Mine started out as handwritten initials + surname, but quickly evolved into a streamlined variant of the same, built for speed rather than readability, during a summer job I had when I was nineteen, where I sometimes had to sign my name a hundred times a day.
posted by misteraitch at 12:28 AM on July 21, 2005


My mum just writes her name legibly. My dad scribbles, and his initials are the same as mine. I am very like my dad. My signature is very similar to his.
posted by altolinguistic at 5:08 AM on July 21, 2005


Just a scrawl. In fact, if I think about it too much when writing it, I can't even spell my name right. So first initial, and what appears to be a scrawled rest of my first name, then middle initial, a "T", with the top becoming a line that ends with a loop that I guess is the "Y" at the end of my last name.

It might be called an interesting character signature until you see any other sample of my writing. A complete embarrassment. Thank god I can type.
posted by cptnrandy at 6:07 AM on July 21, 2005


I use my first two initials and then my last name. I do pretty much spell the whole thing out, but I've bastardized my cursive so that there's no "go up over the a, the come back down and make a loop" business -- g's for example are most like figure 8's. I spent a long time developing a signature that was legible and flowed easily with my maiden name, and spent an equal amount of time "fixing" my married name signature. I sometimes eliminate the small letters and replace with loopy squiggles, but all the big letters are the same. Most people never sign anything but the beginning and the end of their signatures the same, anyway.
posted by Medieval Maven at 8:17 AM on July 21, 2005


When I was young, the cereal Rice Krispies had a promotion where you sent in your name, a UPC symbol, and shipping & handling money, and they sent you back your "autograph."
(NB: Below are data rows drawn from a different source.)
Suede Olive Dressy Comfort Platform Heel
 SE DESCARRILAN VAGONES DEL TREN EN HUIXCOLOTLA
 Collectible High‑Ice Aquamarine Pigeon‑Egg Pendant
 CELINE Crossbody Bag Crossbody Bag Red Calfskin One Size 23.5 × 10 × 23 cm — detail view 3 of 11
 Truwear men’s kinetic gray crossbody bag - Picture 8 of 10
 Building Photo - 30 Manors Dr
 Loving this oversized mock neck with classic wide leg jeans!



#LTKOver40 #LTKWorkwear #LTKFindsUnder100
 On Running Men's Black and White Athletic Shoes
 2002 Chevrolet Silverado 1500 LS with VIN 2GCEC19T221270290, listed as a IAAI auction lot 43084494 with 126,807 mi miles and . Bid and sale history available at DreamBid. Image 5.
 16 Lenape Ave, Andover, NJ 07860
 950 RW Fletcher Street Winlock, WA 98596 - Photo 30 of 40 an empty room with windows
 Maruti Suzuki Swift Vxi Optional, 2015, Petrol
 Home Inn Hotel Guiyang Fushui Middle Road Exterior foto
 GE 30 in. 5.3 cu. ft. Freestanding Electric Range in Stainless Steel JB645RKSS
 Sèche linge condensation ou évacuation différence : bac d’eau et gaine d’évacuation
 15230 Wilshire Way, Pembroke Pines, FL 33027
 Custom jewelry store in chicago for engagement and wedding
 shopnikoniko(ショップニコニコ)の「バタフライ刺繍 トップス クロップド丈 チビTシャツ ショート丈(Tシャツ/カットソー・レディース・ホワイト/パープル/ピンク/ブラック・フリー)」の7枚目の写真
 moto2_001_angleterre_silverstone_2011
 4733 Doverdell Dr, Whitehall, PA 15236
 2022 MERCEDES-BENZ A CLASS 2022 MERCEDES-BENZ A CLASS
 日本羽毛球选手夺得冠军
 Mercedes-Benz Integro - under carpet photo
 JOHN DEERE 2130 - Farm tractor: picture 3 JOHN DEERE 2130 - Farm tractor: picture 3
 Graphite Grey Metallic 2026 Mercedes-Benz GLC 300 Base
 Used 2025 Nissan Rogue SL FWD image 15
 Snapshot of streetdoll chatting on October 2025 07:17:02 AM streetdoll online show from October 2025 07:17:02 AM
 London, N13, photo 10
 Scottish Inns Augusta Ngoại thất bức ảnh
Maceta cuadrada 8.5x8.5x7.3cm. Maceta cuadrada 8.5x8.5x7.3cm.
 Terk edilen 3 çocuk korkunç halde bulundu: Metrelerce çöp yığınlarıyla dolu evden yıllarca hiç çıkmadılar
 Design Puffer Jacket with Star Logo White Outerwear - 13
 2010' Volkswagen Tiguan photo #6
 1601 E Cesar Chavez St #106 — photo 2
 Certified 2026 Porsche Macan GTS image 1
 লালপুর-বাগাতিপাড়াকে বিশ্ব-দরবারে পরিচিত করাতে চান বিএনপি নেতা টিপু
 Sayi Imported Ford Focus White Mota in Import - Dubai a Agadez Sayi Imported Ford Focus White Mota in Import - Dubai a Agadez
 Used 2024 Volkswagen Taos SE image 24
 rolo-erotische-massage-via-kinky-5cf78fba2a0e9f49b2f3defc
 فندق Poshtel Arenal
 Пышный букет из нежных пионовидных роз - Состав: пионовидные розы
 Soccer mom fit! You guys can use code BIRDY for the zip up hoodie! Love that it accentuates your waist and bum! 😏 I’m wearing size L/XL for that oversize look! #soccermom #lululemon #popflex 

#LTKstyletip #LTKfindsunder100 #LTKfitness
I still use my Rice Krispies autograph, and that does, in fact, reflect my personality.
posted by xo at 9:42 AM on July 21, 2005


My name is long (7, 11), so signing things has always been a hassle. My signature has evolved such that the first letter of each name is large and identifiable, the rest of the letters are scribbles, nearly repeatable, with exaggerated ascenders and descenders.

No short burst of effort, as many people here seem to be suggesting, just a conciousness of maintaining uniqueness and repeatability over many years of signing things infrequently.
posted by ThePants at 9:44 AM on July 21, 2005


My signature evolved form a desire to overlay my letters of my first name (MAX). It started as an oversize M with a crossbar through the left midline and a forward slash through the right outboard downstroke. Eventually, the peaks of my M crossed, it began to look more and more like a star, so that is what I use for my middle name. It is fast and easily recognizable as my own.
posted by daddymax at 11:18 AM on July 21, 2005


My signature changed in my early 20s when I had to start signing more stuff. It was my full name written out in cursive and legible. It's now a big D and then my last name (adjusted from maiden to married when I got married). It's still fairly legible. It also slants to the left which is, supposedly, indicitive of being shy when you're right handed. I'm right handed and I'm shy, go figure.